__Records for the exercise__
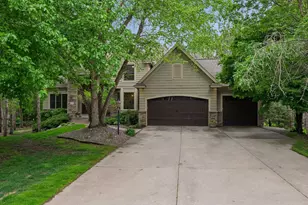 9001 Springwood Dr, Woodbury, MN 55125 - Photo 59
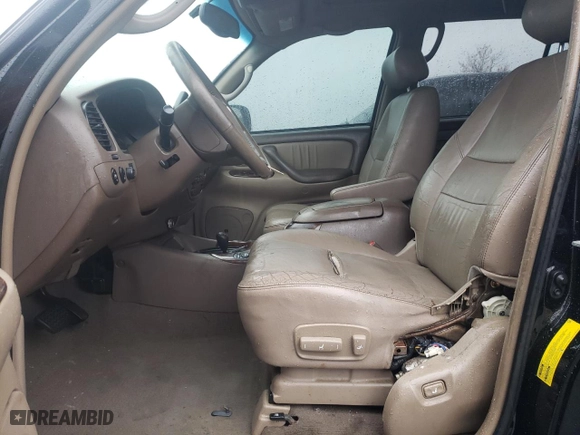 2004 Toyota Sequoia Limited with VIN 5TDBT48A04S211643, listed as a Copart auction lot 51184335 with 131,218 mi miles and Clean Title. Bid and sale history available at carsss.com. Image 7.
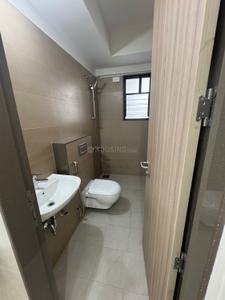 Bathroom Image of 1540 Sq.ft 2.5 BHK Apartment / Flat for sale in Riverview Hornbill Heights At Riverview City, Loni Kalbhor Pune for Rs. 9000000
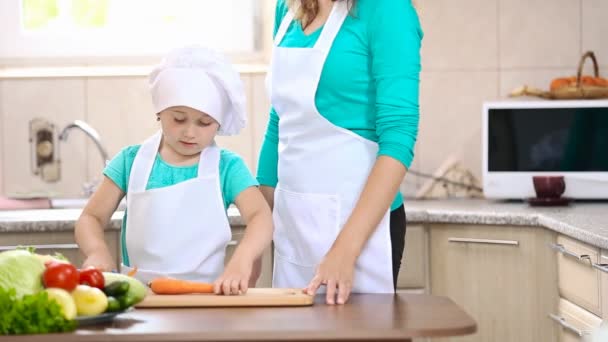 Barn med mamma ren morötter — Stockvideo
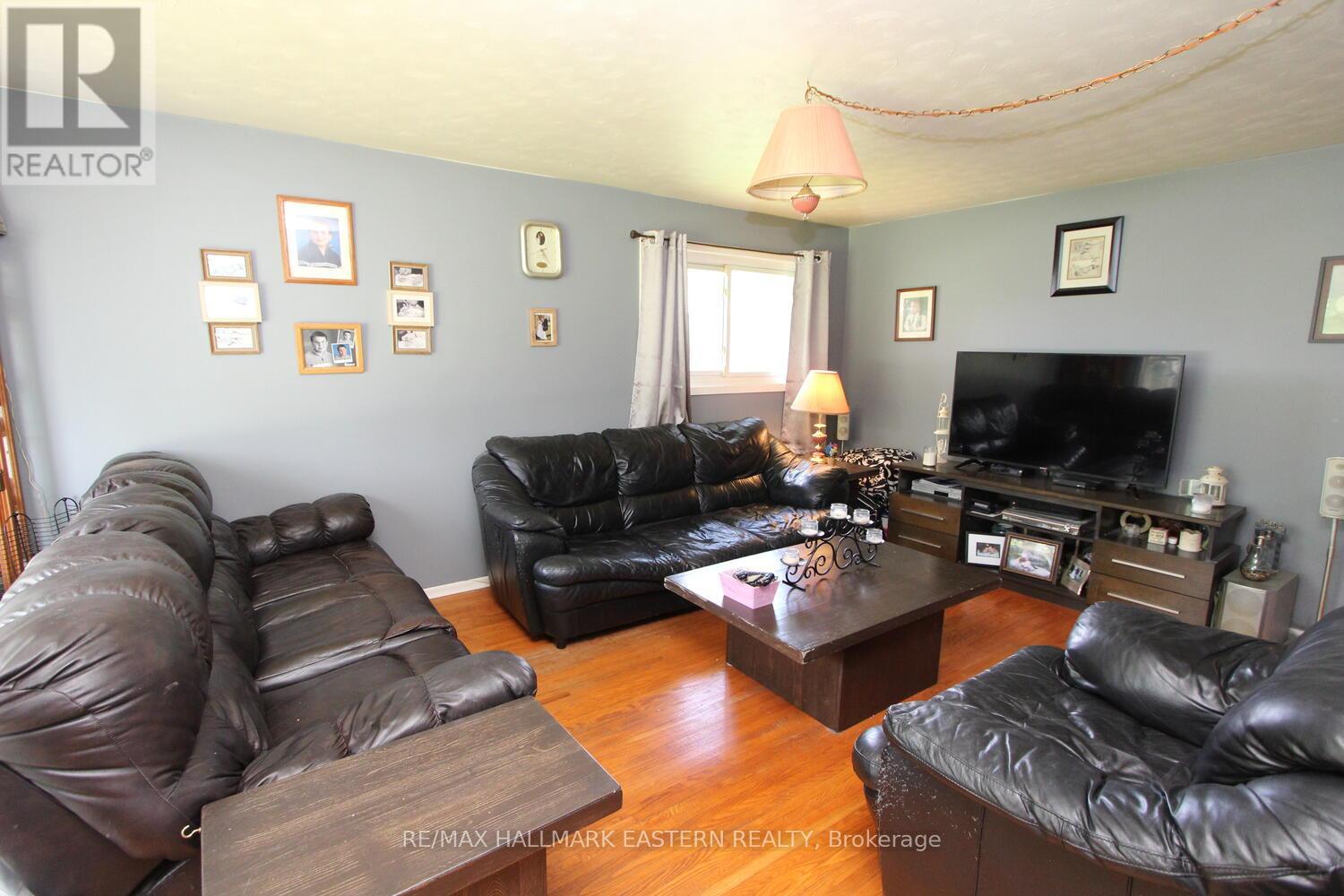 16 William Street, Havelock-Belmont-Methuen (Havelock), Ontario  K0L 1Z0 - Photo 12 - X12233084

==

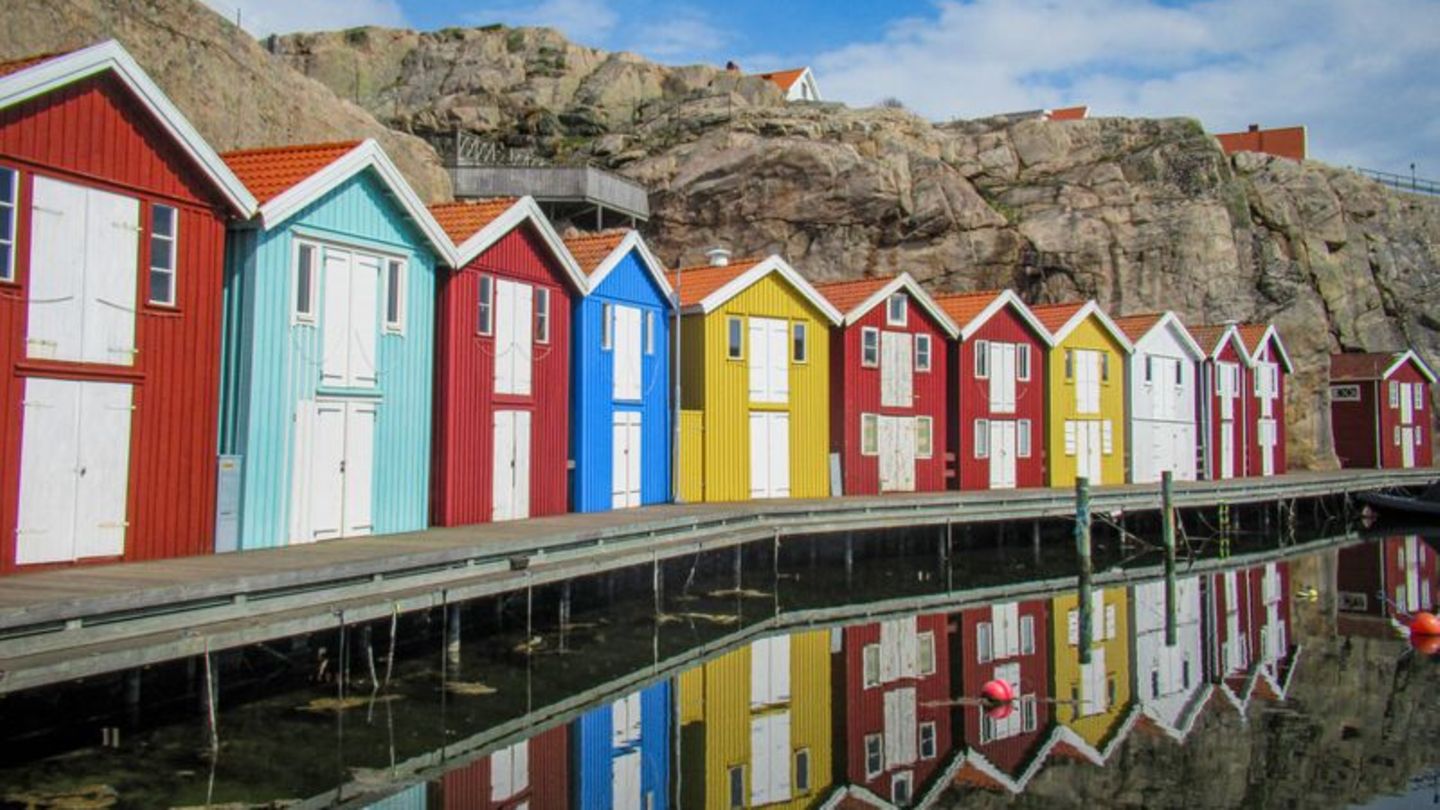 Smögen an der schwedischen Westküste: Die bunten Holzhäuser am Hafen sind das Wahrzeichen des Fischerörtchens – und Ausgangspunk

---

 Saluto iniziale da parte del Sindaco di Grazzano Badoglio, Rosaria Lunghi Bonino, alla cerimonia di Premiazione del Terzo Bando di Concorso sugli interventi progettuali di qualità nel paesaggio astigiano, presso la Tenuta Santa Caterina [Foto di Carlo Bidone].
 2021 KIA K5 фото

__Your goal__
Of all the material above, only the lines from the one that has "9001 Springwood Dr, Woodbury, MN" down to the one that has "2004 Toyota Sequoia" are to be written out, exactly and with both ends included. Pictures are skipped.

__Answer space__
 9001 Springwood Dr, Woodbury, MN 55125 - Photo 59
 2004 Toyota Sequoia Limited with VIN 5TDBT48A04S211643, listed as a Copart auction lot 51184335 with 131,218 mi miles and Clean Title. Bid and sale history available at carsss.com. Image 7.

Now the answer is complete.